Buyers were intent on closing their books, and the battered and bruised dealers needed some peace and quiet, even if it meant dealing with the kids at home during the holidays.
The focus was on Caracas all week. But the Organization of Petroleum Exporting Countries' participants could not agree on a unified base price for their oil. However, we do know that $24 is the floor, and the ceiling is whatever the traffic will bear. All of this bodes ill for our bond markets in the form of higher prices for many oil-based products, especially gasoline.
There were other straws in the wind that are creating concern about the reduction of inflation. New regulations will allow thrift institutions and commerical banks to pay higher rates of interests on deposits to feed money into the slumping housing industry. A 2 1/2-year savings certificate will be offered after Jan. 1 in as small a denomination as $500. The new certificates will be offered with an interest rate of one-half point below the rate on similar Treasuries.
Further, the administration is calling for the Government National Mortgage Association to be able to purchase home mortgages that have a low rate of interest and are selling considerably below the going market price. This infusion of money also would help to stimulate the housing industry.
The trouble is, no one wants to see the housing market in bad straits. But when you are trying to slow down the demand for money, you certainly are not helping your cause by paying a high rate of interest to attract funds to lend out at a higher rate (at this time) to stimulate the housing sector, which in turn will increase the demand for credit. This delays a downturn and will require even higher rates of interest to curtail inflation -- a continuous treadmill to oblivion.
The $270 million Indiana Toll Road issue never was able to fly.

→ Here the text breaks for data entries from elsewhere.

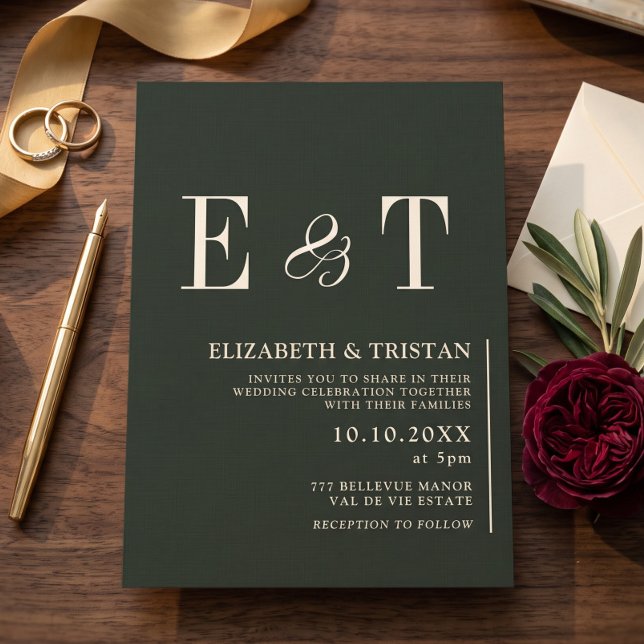 Convite de Casamento Minimalista Ébano Elegante (Criador carregado)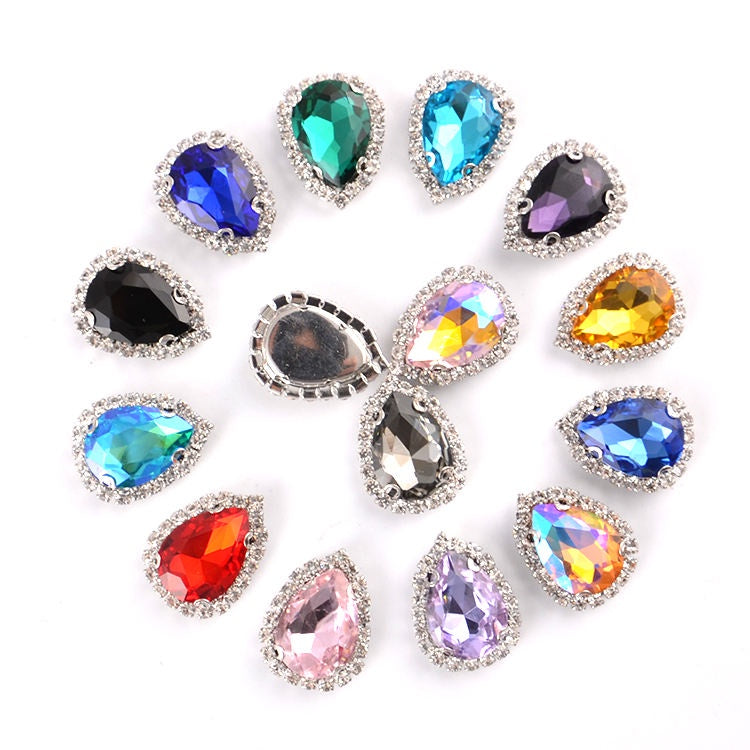 18*25mm Large Size Water Drop Crystal Buckle Claw Rhinestones with Gold/Silver Base for Clothing Decoration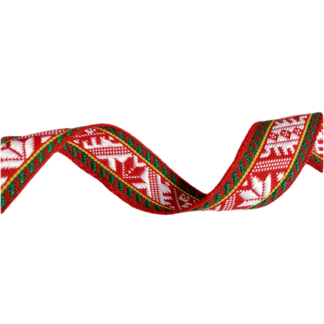 Embroided ethnic red ribbon with green yellow and white pattern by metre - width 25 mm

Buyer resistance forced the underwriters to withdraw the issue until next year. With an 8 1/2 percent rate on the term bonds, the debt service coverage became painfully thin, and buyers said no thanks.
Short-term municipal notes were in great demand as investors did their own refunding of issues that mature this week. That, coupled with a scarcity of such paper, lowered these short rates.
Finally, the Treasury sold a 2-year note on Wednesday at an average return of 11.43 percent, and came back of 11.43 percent, and came back the next day with the 4-year note, which offered an average return of 10.52 percent.
Happy holidays to all, and if I had a bit of advice to offer, it would be to keep your funds short for the present. Higher rates could be right around the corner.